The secret to delighting customers: putting employees first.

This is a true story that struck at the central role employees play in delivering a superior customer experience and the organizational challenge it poses for management. “I will care about what you say when I believe you care about me,” a manager recalled one frontline worker saying to him. All leaders should understand that a company can provide a great experience only through frontline workers.

The main hurdle in customer experience is translating boardroom vision into action at the front line. Empowered employees are the key. The secret to delighting customers: Putting employees first.

Once upon a time, a little girl visited a Disney theme park. Sadly, while there, she dropped her favorite doll over a fence and into a mud puddle. When members of the park staff retrieved the doll, it was a mess. So, they made it a new outfit, gave it a bath and a new hairdo, and even took photos of it with other Disney dolls before reuniting it with the owner that evening. “Pure magic” was the way the girl’s mother described the doll’s return.

What may be most remarkable about this fairy-tale ending, which has since become part of Disney’s institutional lore, is what didn’t occur. The theme-park team didn’t panic, consult a corporate script on what to do in such a situation, or anxiously seek advice from managers so as not to botch their response to a small—but real—crisis for one of its customers. That’s because, at least in this case, the team’s understanding of what needed to be done for the young customer grew automatically from a systemic cultural emphasis that Disney puts on frontline customer service.

Such devotion pays dividends. Emotionally engaged customers are typically three times more likely to recommend a product and to purchase it again. With an eye to these benefits, many companies are making customer experience a strategic priority. Unfortunately, they typically struggle to gain traction with their efforts.

Improving customer experience is difficult to get right, because the primary hurdle is translating boardroom vision for a superior customer experience into action at the front line.

The competitive edge is about seeing the world through the customer’s eyes. To maximize customer satisfaction, companies have long emphasized touchpoints. But doing so can divert attention from the more important issue: the customer’s end-to-end journey.

Technological advances have made it much easier for companies to understand customers on an individual basis.
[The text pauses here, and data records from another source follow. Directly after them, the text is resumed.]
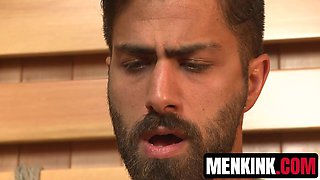 Hairy Adam Ramzi tied and milked until his cock gives up sticky juices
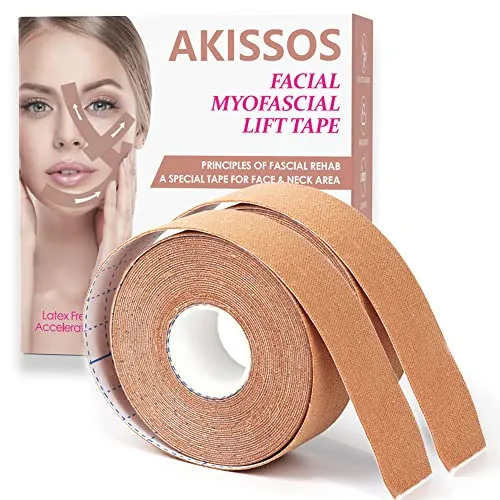 Akissos Myofasziales Gesichtstraffungsband, Gesichtsstraffungsband, Anti-Falten-Patches, Anti-Frost-Aufkleber, Nackenliftband, Unisex, für Straffung und Straffung (2 Rollen 2.5cm)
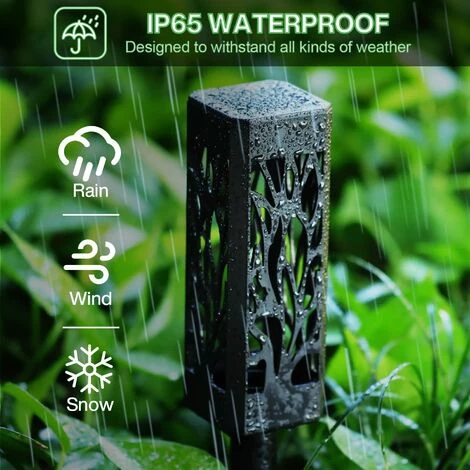 PESCE Lampe Solaire Exterieur Jardin, 6 Pièces Décoration Jardin Lanterne Solaire Avec Lumière Blanche Chaude, IP65 Étanche Lumière Solaire Extérieure Auto On/Off Pour Cour Outdoor Cour Pelouse 6 PESCE Lampe Solaire Exterieur Jardin, 6 Pièces Décoration Jardin Lanterne Solaire Avec Lumière Blanche Chaude, IP65 Étanche Lumière Solaire Extérieure Auto On/Off Pour Cour Outdoor Cour Pelouse – Image 4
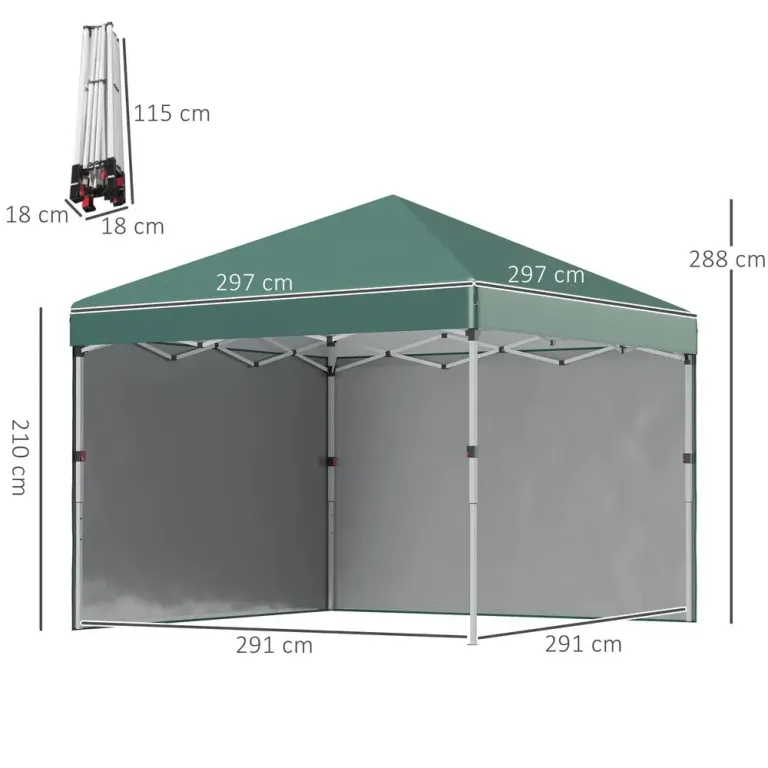 Trädgårdspaviljong Pop-up Partytält Grön 3 x 3 m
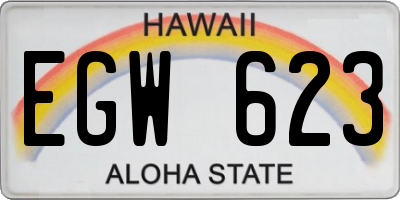 HI license plate EGW623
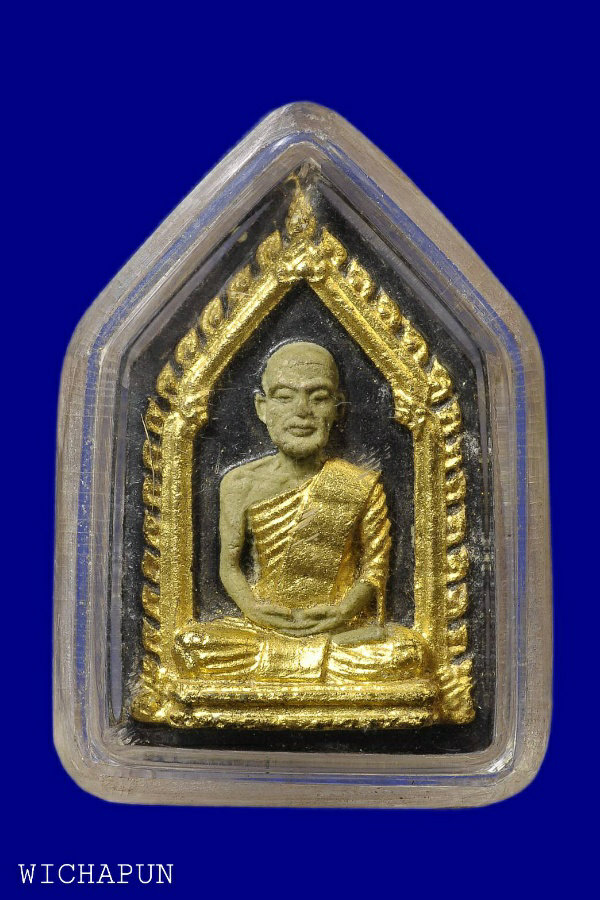พระผงรูปเหมือนเจ้าคุณนรฯ  วัดเทพศิรินทร์ เนื้อผงใบตอง มีเส้นเกศา ลงรักปิดทอง 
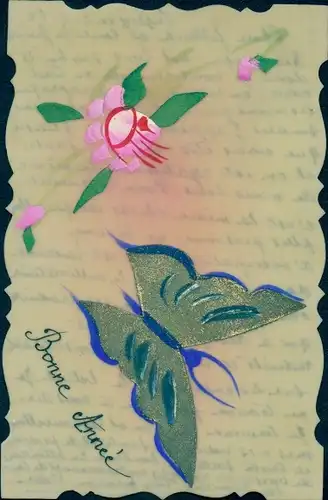 Zelluloid Ak Glückwunsch Neujahr, Schmetterling, Blume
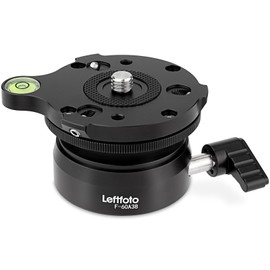 LEFTFOTO Precision Tripod Levelling Base Plate Mount Photo Accessories 360 Degree Rotation and +/- 15° Tilt, Compatible with DSLR Camcorders and Monopods, Supports up to 10kg/22lbs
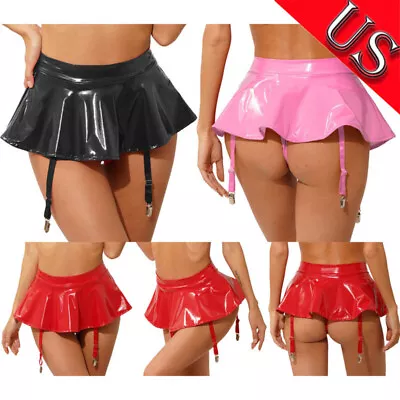 US Women Wet Look Pleated Bodycon Mini Latex Skirt Tights Pencil Skirt Clubwear • $14.07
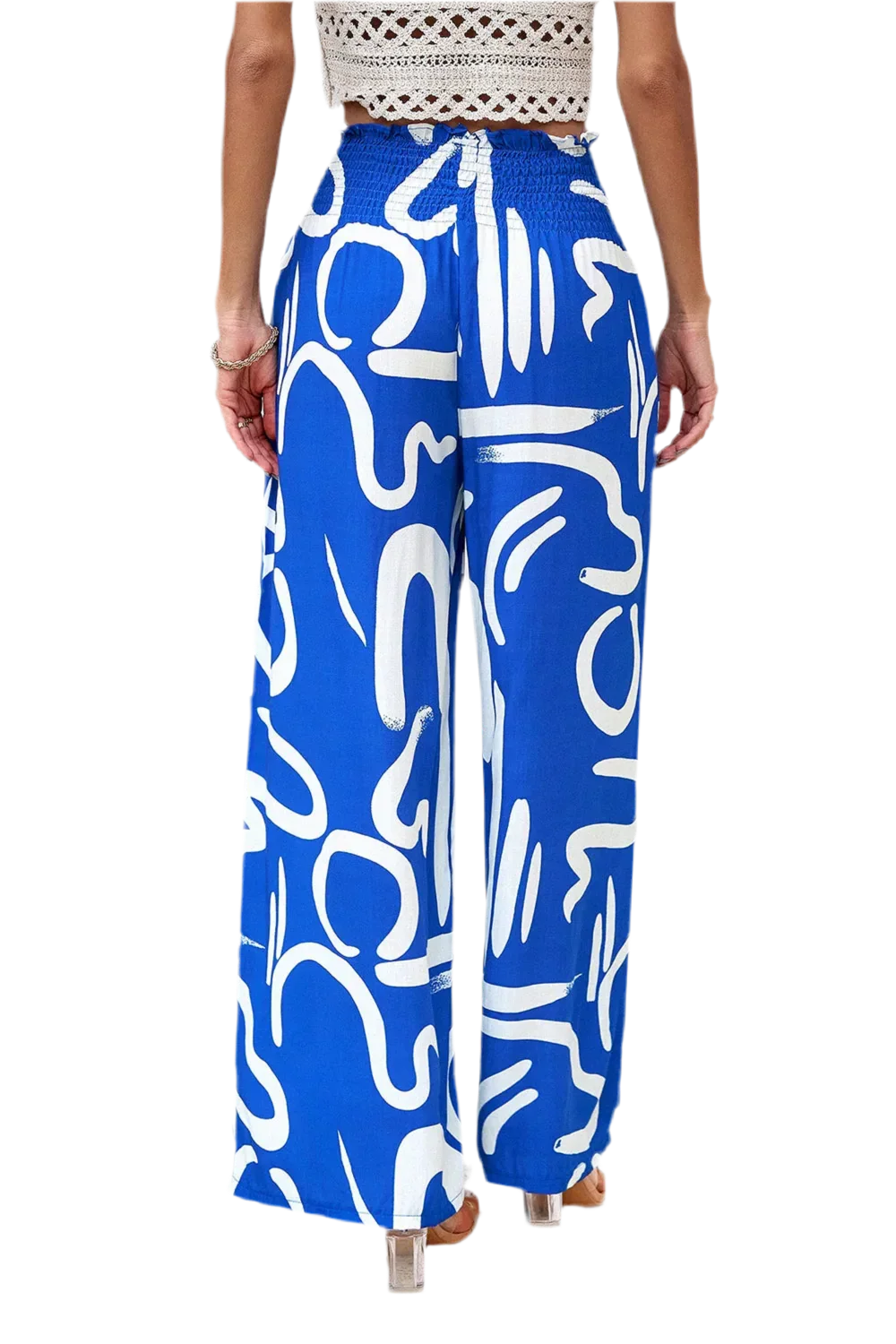 Printed Wide Leg Smocked Pants with Pockets - minbolu -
Even so, engaging with customers is still undertaken largely through personal contact. And there’s no shortcut to creating emotional connections with customers; it requires ensuring that every interaction is geared toward leaving them with a positive experience. That takes more than great products and services, it takes motivated, empowered frontline employees. Creating great customer experiences requires having an engaged and energized workforce, one that can translate individual experiences into satisfying end-to-end customer journeys and can continue to improve the journeys to maintain a competitive edge. By appropriately motivating and rewarding such employees, a company will demonstrate its commitment to the employees’ work and will thus align their interests more closely with its own customer strategy goals.

Leading companies listen to their employees and seek to tackle their problems and needs. They hire with attitude, not aptitude, in mind and work to build on attitudinal strengths as part of employee development. They build motivation by instilling shared purpose in frontline workers rather than by applying behavioral rules. Finally, they tap into the creativity of frontline workers by assigning autonomy and responsibility to stimulate innovative thinking.

Transforming the customer experience requires a methodical approach to understanding and engaging employees.